Obama beats McCain on social networking sites
According to a report, as of early September, Obama has more than a five-to-one lead over McCain in number of friends on the two most popular US social networking sites, Facebook and MySpace.
Democrat Barack Obama has a "tremendous advantage" over Republican John McCain in the race for the White House, at least in his number of friends on social networking sites, a report showed.
"As of early September, Obama has more than a five-to-one lead over McCain in number of friends" on the two most popular US social networking sites, Facebook and MySpace, the report by the Pew Research Center's Project for Excellence in Journalism said on Monday.
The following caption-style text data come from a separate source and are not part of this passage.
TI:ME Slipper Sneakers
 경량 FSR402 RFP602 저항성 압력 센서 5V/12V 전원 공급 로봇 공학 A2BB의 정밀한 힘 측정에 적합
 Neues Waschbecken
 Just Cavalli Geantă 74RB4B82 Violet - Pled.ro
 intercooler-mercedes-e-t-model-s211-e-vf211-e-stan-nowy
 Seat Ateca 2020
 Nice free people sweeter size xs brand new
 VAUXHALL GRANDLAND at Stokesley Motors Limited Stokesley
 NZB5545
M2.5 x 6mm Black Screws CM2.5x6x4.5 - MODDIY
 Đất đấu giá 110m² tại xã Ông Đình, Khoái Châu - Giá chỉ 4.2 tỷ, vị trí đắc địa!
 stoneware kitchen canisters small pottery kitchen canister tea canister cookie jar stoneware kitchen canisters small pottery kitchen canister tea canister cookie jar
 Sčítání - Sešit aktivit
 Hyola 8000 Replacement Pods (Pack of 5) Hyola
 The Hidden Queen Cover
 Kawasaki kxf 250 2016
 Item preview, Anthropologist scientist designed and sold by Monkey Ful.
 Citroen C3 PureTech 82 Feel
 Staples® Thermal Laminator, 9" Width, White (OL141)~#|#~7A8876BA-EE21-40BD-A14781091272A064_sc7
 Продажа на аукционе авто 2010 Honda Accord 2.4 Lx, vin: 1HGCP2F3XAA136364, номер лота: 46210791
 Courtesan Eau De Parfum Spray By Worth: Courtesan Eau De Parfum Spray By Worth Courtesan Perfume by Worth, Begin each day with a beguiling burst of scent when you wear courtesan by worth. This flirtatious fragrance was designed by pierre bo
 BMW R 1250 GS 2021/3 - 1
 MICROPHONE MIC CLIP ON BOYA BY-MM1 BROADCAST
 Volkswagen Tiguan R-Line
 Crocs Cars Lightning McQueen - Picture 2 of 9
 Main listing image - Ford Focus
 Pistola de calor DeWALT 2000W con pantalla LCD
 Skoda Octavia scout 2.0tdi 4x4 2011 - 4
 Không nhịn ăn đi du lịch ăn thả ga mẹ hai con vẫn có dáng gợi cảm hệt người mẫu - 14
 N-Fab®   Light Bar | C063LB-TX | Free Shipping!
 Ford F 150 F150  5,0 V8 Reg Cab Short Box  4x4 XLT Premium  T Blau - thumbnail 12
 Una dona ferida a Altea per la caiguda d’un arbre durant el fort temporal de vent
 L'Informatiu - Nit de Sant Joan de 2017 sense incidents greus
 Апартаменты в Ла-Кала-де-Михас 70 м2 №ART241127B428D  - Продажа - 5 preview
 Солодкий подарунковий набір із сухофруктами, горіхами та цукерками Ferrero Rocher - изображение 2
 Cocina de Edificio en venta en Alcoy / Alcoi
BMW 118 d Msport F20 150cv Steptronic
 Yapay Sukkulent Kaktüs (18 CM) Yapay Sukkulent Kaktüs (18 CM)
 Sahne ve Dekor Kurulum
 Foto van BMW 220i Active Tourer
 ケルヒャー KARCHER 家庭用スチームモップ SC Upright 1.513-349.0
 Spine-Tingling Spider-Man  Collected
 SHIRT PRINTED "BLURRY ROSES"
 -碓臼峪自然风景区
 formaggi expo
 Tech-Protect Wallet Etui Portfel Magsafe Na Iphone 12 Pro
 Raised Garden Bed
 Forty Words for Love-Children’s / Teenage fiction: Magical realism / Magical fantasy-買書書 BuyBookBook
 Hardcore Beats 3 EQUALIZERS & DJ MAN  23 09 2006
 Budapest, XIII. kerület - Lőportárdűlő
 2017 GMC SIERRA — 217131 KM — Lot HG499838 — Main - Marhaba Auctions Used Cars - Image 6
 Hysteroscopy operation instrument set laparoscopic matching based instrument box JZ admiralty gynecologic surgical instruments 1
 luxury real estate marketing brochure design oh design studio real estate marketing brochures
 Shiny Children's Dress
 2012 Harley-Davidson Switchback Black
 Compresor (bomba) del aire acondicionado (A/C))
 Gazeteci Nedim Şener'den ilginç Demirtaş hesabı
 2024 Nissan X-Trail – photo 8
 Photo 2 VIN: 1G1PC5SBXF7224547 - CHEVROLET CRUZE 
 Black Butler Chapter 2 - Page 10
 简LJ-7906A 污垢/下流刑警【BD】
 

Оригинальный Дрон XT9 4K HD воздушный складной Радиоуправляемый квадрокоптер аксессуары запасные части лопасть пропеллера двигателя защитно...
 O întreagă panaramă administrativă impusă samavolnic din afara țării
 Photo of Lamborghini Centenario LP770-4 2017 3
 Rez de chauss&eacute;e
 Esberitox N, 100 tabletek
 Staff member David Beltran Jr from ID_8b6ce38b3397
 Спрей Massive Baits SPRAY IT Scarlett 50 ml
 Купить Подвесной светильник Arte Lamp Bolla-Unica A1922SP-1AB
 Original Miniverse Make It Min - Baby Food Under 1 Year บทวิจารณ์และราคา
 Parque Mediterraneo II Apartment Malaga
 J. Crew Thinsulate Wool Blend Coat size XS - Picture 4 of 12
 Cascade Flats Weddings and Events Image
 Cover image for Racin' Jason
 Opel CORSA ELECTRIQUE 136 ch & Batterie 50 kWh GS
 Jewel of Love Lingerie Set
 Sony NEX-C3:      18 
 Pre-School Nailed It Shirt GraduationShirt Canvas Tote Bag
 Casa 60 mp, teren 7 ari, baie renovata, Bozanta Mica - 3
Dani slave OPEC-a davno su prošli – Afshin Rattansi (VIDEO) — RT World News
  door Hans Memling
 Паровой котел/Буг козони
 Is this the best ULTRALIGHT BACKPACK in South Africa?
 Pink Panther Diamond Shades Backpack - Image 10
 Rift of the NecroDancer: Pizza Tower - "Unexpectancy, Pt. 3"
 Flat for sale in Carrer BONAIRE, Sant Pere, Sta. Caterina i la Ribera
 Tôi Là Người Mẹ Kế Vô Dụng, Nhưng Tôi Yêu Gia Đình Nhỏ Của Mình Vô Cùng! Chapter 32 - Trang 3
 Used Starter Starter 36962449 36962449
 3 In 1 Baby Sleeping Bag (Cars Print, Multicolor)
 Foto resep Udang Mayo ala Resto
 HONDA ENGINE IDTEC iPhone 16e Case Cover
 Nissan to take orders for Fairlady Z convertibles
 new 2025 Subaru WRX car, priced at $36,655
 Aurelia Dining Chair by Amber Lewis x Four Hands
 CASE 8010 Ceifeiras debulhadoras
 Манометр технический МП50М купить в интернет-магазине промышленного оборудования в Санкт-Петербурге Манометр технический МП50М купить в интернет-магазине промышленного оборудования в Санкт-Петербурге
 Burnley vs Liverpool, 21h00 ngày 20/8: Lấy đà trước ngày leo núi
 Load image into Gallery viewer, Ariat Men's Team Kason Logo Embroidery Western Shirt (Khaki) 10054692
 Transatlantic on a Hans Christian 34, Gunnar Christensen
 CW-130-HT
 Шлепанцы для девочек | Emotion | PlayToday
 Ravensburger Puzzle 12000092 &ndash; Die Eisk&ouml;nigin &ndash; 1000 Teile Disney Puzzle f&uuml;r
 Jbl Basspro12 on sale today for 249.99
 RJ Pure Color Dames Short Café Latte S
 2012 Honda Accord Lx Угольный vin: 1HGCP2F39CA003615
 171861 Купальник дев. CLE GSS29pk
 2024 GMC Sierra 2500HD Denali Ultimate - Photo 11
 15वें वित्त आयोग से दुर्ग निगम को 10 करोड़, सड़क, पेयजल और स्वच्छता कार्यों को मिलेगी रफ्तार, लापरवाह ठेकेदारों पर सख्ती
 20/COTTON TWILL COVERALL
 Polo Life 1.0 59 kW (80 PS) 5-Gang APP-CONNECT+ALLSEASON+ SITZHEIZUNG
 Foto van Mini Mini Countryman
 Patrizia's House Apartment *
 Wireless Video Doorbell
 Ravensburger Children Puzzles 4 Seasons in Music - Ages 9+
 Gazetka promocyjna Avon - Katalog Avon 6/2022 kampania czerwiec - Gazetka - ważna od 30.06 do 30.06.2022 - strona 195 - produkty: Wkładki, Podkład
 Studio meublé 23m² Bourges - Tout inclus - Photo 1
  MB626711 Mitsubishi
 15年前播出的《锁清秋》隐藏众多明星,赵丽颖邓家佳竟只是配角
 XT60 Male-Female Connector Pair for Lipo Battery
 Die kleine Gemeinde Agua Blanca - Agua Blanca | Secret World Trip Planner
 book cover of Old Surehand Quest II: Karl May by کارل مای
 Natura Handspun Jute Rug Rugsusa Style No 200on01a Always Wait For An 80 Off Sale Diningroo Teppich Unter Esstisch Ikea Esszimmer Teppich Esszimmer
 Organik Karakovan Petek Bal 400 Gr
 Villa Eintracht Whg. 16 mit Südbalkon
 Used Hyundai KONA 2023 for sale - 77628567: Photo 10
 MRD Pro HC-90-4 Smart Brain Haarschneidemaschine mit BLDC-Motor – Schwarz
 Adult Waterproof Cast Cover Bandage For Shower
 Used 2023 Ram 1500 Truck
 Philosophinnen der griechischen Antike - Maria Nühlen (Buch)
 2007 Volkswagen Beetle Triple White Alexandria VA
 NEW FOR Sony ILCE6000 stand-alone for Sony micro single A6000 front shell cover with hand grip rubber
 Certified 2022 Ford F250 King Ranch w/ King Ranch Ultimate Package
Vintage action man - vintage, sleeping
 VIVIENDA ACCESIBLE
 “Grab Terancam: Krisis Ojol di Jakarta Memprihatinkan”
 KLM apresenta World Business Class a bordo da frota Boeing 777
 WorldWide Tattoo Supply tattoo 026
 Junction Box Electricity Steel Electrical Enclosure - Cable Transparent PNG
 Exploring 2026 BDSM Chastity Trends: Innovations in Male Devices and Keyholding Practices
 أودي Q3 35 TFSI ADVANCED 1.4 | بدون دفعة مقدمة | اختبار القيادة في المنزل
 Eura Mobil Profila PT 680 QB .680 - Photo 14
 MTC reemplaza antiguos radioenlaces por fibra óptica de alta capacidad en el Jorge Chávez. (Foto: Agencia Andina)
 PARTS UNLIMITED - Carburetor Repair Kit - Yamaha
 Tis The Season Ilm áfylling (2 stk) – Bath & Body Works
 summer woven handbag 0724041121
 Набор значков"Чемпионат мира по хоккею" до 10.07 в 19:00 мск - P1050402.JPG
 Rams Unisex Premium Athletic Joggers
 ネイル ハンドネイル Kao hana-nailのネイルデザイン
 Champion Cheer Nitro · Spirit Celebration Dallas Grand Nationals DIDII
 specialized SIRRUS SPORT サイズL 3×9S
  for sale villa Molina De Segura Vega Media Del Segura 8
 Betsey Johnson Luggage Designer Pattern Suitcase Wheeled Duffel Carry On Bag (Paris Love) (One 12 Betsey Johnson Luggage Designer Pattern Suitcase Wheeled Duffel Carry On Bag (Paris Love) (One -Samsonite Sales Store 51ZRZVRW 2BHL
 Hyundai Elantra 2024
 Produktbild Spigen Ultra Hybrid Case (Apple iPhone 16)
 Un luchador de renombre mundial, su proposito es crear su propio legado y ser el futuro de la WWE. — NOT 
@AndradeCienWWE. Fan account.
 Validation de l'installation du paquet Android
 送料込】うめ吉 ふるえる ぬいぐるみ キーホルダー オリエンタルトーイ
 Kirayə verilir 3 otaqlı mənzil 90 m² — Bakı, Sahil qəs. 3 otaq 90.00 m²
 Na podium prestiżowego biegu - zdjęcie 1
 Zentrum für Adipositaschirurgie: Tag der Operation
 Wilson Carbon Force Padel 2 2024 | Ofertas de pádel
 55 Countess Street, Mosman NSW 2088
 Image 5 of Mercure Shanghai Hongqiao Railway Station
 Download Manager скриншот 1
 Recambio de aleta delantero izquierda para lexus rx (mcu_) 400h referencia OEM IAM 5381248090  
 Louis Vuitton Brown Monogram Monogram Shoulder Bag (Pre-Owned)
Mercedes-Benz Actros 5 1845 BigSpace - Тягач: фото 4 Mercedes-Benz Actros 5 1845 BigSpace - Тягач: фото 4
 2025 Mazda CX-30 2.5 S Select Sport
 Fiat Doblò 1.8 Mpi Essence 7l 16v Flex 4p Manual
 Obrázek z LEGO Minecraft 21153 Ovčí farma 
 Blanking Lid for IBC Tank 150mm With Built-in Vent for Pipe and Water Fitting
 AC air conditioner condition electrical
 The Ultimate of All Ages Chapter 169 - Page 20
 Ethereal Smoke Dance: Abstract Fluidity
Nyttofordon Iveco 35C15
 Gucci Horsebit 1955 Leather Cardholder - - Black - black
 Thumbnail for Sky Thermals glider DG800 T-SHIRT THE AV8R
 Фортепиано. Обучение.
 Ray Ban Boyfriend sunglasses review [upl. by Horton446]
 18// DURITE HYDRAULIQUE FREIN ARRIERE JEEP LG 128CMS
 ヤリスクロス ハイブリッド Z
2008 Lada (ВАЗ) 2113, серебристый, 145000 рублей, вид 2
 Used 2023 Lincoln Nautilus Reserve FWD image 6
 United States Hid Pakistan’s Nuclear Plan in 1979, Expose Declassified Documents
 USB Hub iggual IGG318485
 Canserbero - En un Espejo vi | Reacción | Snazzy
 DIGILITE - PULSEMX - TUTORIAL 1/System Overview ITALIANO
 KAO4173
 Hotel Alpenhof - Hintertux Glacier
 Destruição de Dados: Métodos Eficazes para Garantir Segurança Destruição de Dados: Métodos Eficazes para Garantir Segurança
Obama, 47, had 1.7 million Facebook supporters and 510,000 MySpace friends, compared to 309,000 and 88,000 respectively on the two Internet sites for 72-year-old McCain, the report said.
This year's race for the White House is the first in which "campaigns and citizens have made extensive use of the Web for organizing, fund-raising, networking, and announcing news," the report said.
Pew analyst Amy Mitchell said the Obama campaign had tapped into the online mine of connecting with voters early on, and was far ahead of McCain's team in the game.
"The appeal to young people, getting himself known and talked about on social networking websites, activating support online and taking that activity offline by getting people to hold community events. These aspects were very, very developed at the start of Obama's campaign," Mitchell, deputy director of the Project for Excellence in Journalism, told AFP.
"McCain is trying to close the gap now, but it's a little late in the game," she added.
On YouTube, the online video-sharing site, 11 times more people had tuned into the official Obama channel last month than the McCain equivalent.